Scraped caption text data>
- - -
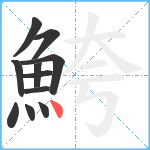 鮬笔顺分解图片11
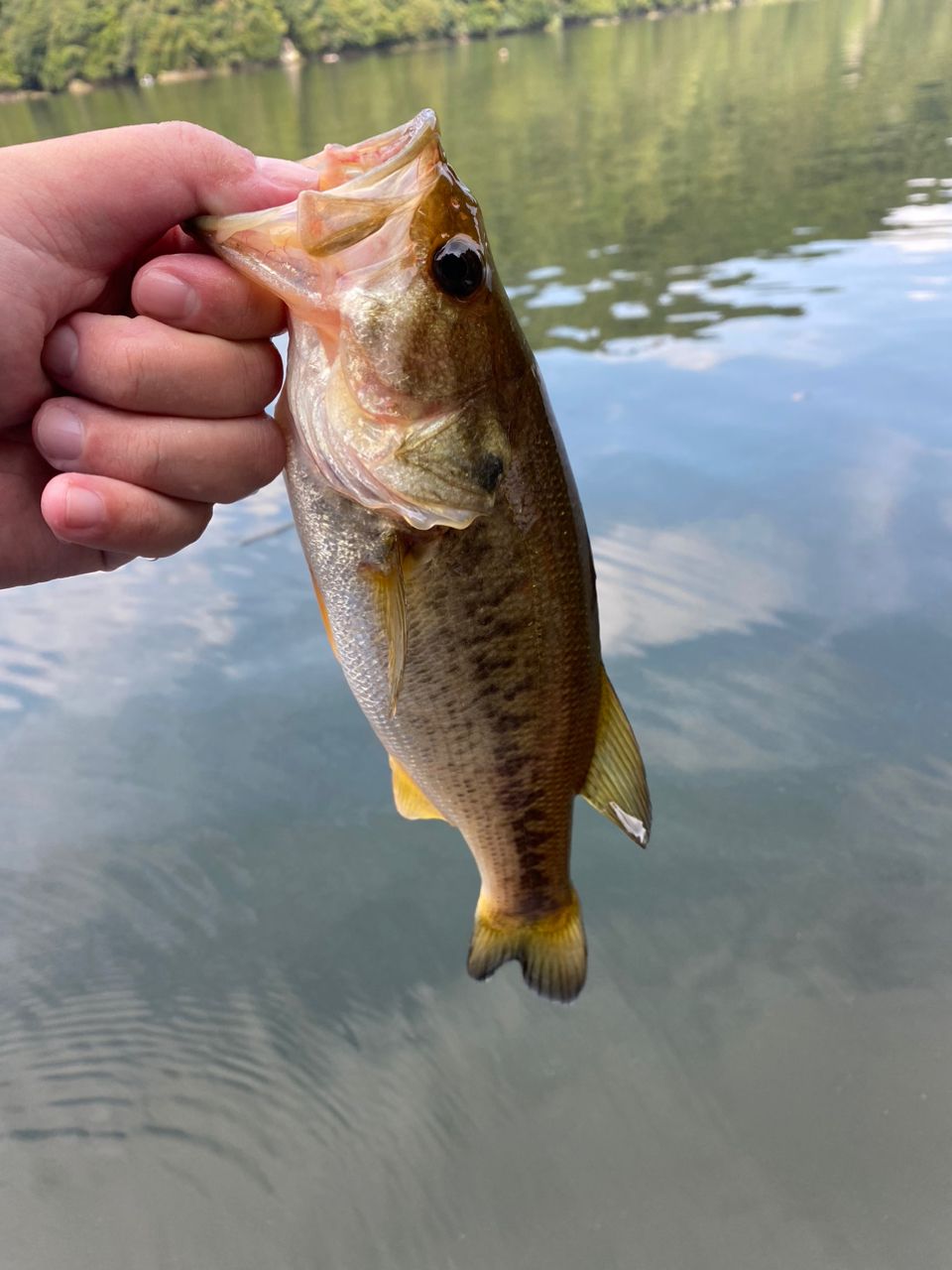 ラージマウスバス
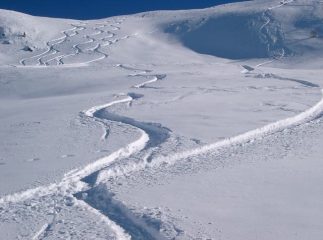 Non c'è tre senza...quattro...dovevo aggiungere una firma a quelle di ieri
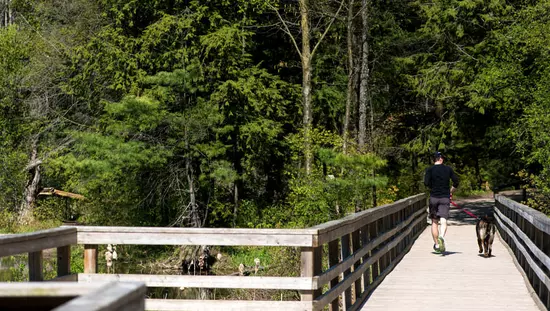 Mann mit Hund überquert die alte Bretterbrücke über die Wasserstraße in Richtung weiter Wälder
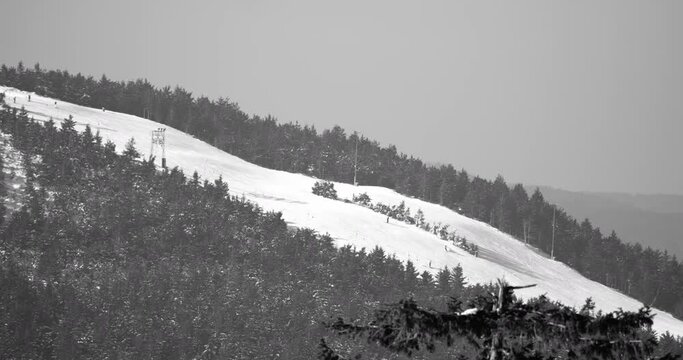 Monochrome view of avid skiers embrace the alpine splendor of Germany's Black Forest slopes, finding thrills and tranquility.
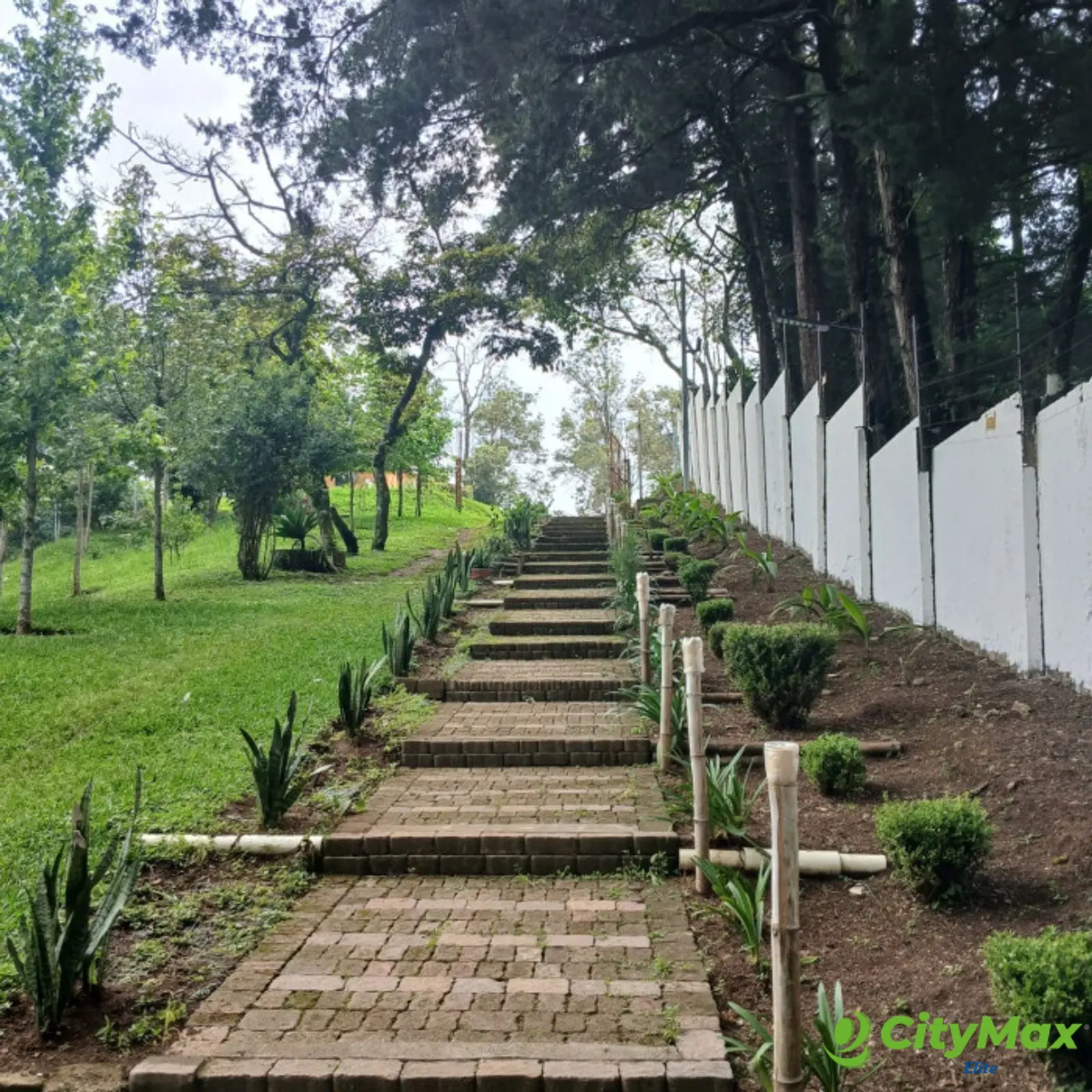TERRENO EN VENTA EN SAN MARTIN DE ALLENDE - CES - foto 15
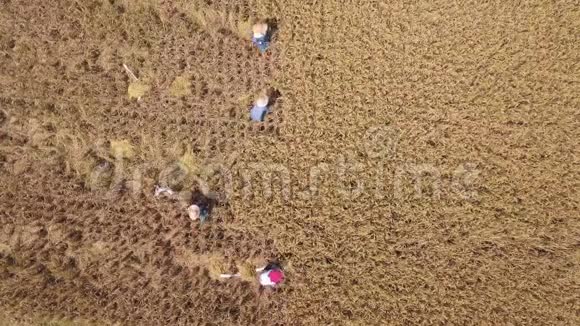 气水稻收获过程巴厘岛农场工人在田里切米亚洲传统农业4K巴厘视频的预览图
- - -
WORK REQUIRED> Output the data above without changes, apart from leaving out the pictures.

ANSWER TO THIS EXERCISE>
 鮬笔顺分解图片11
 ラージマウスバス
 Non c'è tre senza...quattro...dovevo aggiungere una firma a quelle di ieri
 Mann mit Hund überquert die alte Bretterbrücke über die Wasserstraße in Richtung weiter Wälder
 Monochrome view of avid skiers embrace the alpine splendor of Germany's Black Forest slopes, finding thrills and tranquility.
TERRENO EN VENTA EN SAN MARTIN DE ALLENDE - CES - foto 15
 气水稻收获过程巴厘岛农场工人在田里切米亚洲传统农业4K巴厘视频的预览图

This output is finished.